Banca Comercială Română (BCR) is a Romanian financial services company and investment bank. Founded in 1990 following the restructuring of the National Bank of Romania, BCR is headquartered in Bucharest and operates as the primary Romanian subsidiary of the Austrian-based Erste Group. It is considered a systemically important financial institution by the National Bank of Romania.

Banca Comercială Română offers services in universal banking, investment banking, spanning retail and corporate finance, treasury management, securities brokerage, asset management, wealth management and private pension. It provides advisory for mergers and acquisitions (M&A), project finance, and structured finance for large-scale infrastructure and energy projects. As a key participant in the Romanian capital markets, it serves as a primary dealer for government bonds and provides extensive custody and settlement services.

==History==
===Founding and Early Years===
Banca Comercială Română (BCR) was established on December 1, 1990, by the Romanian government through Resolution No. 1195, which transferred the commercial banking operations previously handled by the National Bank of Romania to the new entity as part of the country's shift toward economic liberalization following the fall of communism. As a state-owned universal bank, BCR assumed responsibility for retail, corporate, and international transactions amid Romania's turbulent post-communist economic environment, which featured high inflation, currency instability, and a nascent market economy. This foundational role positioned BCR as a key institution in facilitating the transition from a centralized to a market-oriented financial system, serving as the primary channel for commercial banking services during a period of significant structural reforms.

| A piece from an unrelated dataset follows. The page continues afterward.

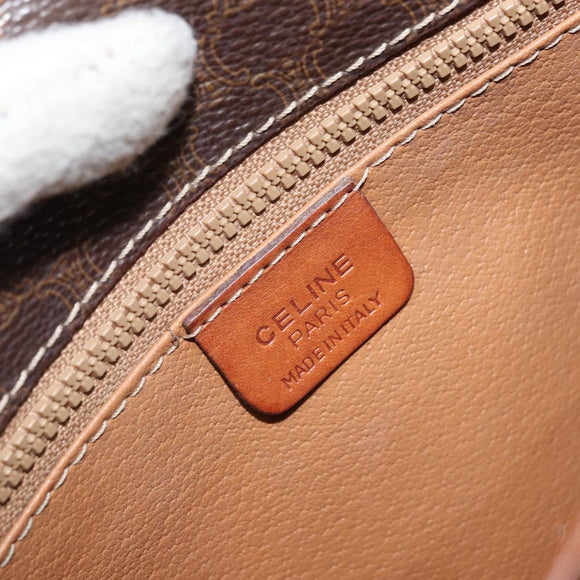 CELINE Macadam Canvas Shoulder Bag PVC Leather Brown Gold Auth ka3071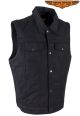 Mens Black Denim Motorcycle Vest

===Expansion and Acquisition Era===

Bank logo before privatization

During the early 2000s, Banca Comercială Română (BCR) pursued aggressive growth strategies to modernize its operations and position itself for Romania's impending European Union accession in 2007, focusing on product innovation and infrastructural expansion while undergoing preparatory reforms for privatization. In 2001, BCR launched BCR Leasing. This move aligned with broader efforts to broaden revenue streams amid Romania's economic liberalization.

===Post-Acquisition Developments===
In October 2006, Erste Group Bank AG completed its acquisition of a 61.88% stake in Banca Comercială Română (BCR) for €3.75 billion from the Romanian Authority for State Assets Recovery (AVAS), the European Bank for Reconstruction and Development (EBRD), and the International Finance Corporation (IFC), marking a pivotal shift toward foreign ownership and integration into a larger Central and Eastern European banking network. This transaction positioned BCR as Erste Group's largest subsidiary by assets and client base, facilitating the transfer of advanced banking practices to Romania's leading lender.